As chair of the English Department of a inner city college, I arranged for two nationally known authors to speak about their concerns on education matters. Both had books on The New York Times best seller list and were well versed on current problems involving young people. Over a thousand people attended this one-day event. After the first speaker had finished his presentation, a group of about ten teachers walked out in a huff. I had not idea what caused this. I could not leave the stage when this happened, since I had to introduce the second speaker.
Within three days a letter appeared on the college president's desk, protesting this conference as a fraud. "Dr. Weiss and the English Department were running a political campaign under the guise of an English conference."
The president called me in and asked if this were true. I assured him that this definitely was not true, and that these two outstanding speakers had received a standing ovation upon the completion of the conference. Yes, they had ruffled some feathers. But it was important for teachers of English to open their minds to the facts that some things might have to change in order to meet the many needs of a diverse student body. He agreed. However, since the conference had been audio-taped, he requested that the tapes be sent to his office. He had received a request form the State Commissioner of Education that report on the matter be sent to him. The president forwarded the copies of the tapes.
I never heard another word about this matter, but the tapes were never returned.
While attending a recent conference, a teacher told me that a superintendent had examined a newly-adopted social studies text. He noticed there was a picture of Michelangelo's David. Fearing consequences when this book was carried home, he had the teaching staff "paint shorts" on the famous nude statue.
My latest concern is the dangerous act of self-censorship taking place in classes and school libraries all over this country. As I have been invited to speak about the topic of censorship, I have been receiving newspaper articles and letters describing how books such as The True Story of the Three Little Pigs and other outstanding children's books are dangerous to the minds of the young. They are not mature enough to know right from wrong. A book such as The Diary of Anne Frank is unfit for children because it talks about a group of people who are not "the true religious believers." I could go on and on.
But why am I scared?
When people in one community are caught in the controversy over a book, schools around the community hear or read about it and librarians and teachers in these other communities decide not to order the books for their schools because the might have to go through a similar defense in their community. There are so many books being published anyway, why bother over a few titles? Just avoid them.

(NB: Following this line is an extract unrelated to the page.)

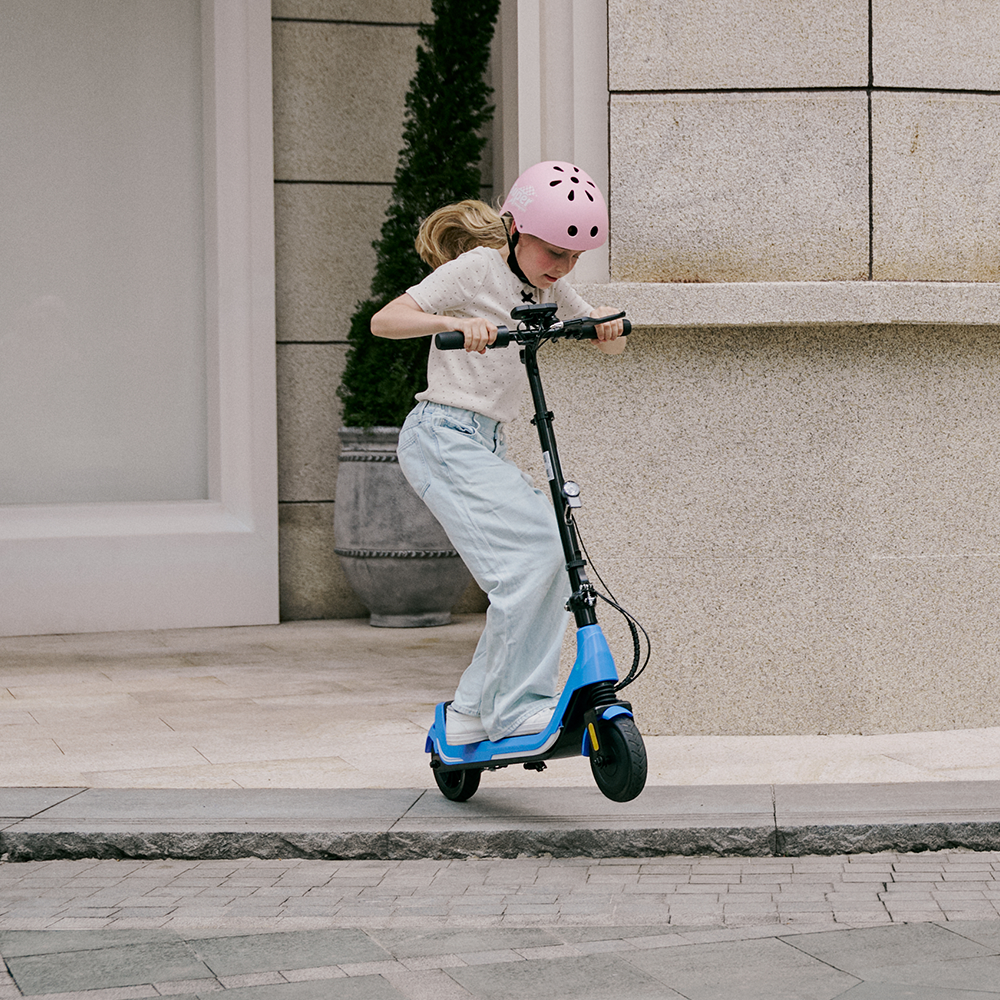 Young rider wearing a pink safety helmet performing a front wheel lift on the blue iScooter iK5 electric scooter, showcasing its durable construction, responsive design, powerful motor, and ergonomic handlebars perfect for kids practicing tricks and active play on paved urban streets.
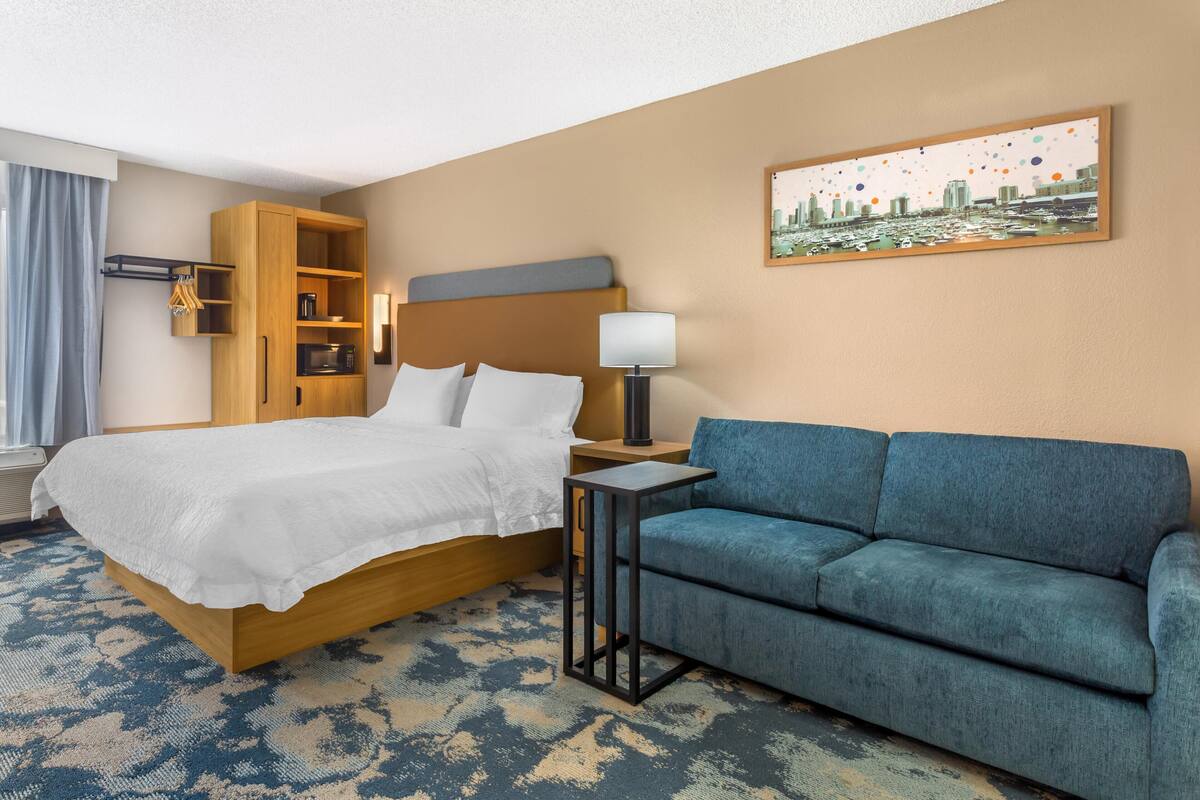 Een hotelkamer met een bed, een blauwe bank, een nachtkastje met lamp, een houten kast en een stadslandschap schilderij aan de muur.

Let me assure you this last matter is not a small matter. I know good teachers and librarians that have told me that the issue is not whether or not "fuck" is used in a story. Words such as "damn" or "hell" or children disagreeing with adults are stuff enough to ban a book from reaching their shelves. We can't have unfit language and role models for students.
The role of education is to make sure that children are given the books that foster proper manners, morals and values.
In Judy Blume's new book, Places I Never Meant to Be: Original Stories by Censored Writers, she writes:
In this age of censorship, I mourn the loss of books that will never be written, I mourn voices that will be silenced—writers' voices, teachers' voices, students' voices — and all because of fear. How many have resorted to self-censorship? ...
Harry Mazer, one of the contributors to Judy Blume's book, adds:
Good books are created when authors can write freely, take risks, go where their imaginations lead them. Once the author begins to temper his language and writes not to his own standard, but to the standard of the feared censor, the quality of his work suffers.
Books belong to all who read. Readers need and want well written, interesting books. And since what interests me may not interest you, we need more books. More authors. More varied points of view. Books are our windows on the world. The permit us to safely experience other lives and ways of thinking and feeling. Books give us a glimmer of the complexity and wonder of life. All this the censor would deny us.
This means that schools should have a good policy on the selection of materials for all classes and the school media center. There should also be a policy guaranteeing teachers the freedom to use methods that stimulate learning and thinking and creative expression. There should be a policy for handling complaints that is fair to all. The school should have a good communications network with religious, civic, political groups, including parent and student organizations. Of course, there should be effective procedures for working with the media so that they can present accurate information concerning issues that might impede intellectual freedom.
In conclusion, I recommend these four books as valuable resources for protecting the freedom of teachers, the freedom of students to have access to materials, and the freedom of all to learn, to grow, and to express themselves:
Blume, Judy. Places I Never Meant to Be: Original Stories by Censored Writers. New York: Simon & Schuster, 1999.
Karolides, Nicholas]., Margaret Bald, and Dawn B. Sova. 100 Banned Books: Censorship Histories of World Literature. New York: Checkmark Books, 1999.
Reichman, Henry. Censorship and Selection: Issues and Answers for Schools. Chicago and Arlington: American Association of School Administrators and American Library Association, 1993.
Simmons, John S., ed. Censorship: A Threat to Reading, Learning, Thinking. Newark: International Reading Association, 1994.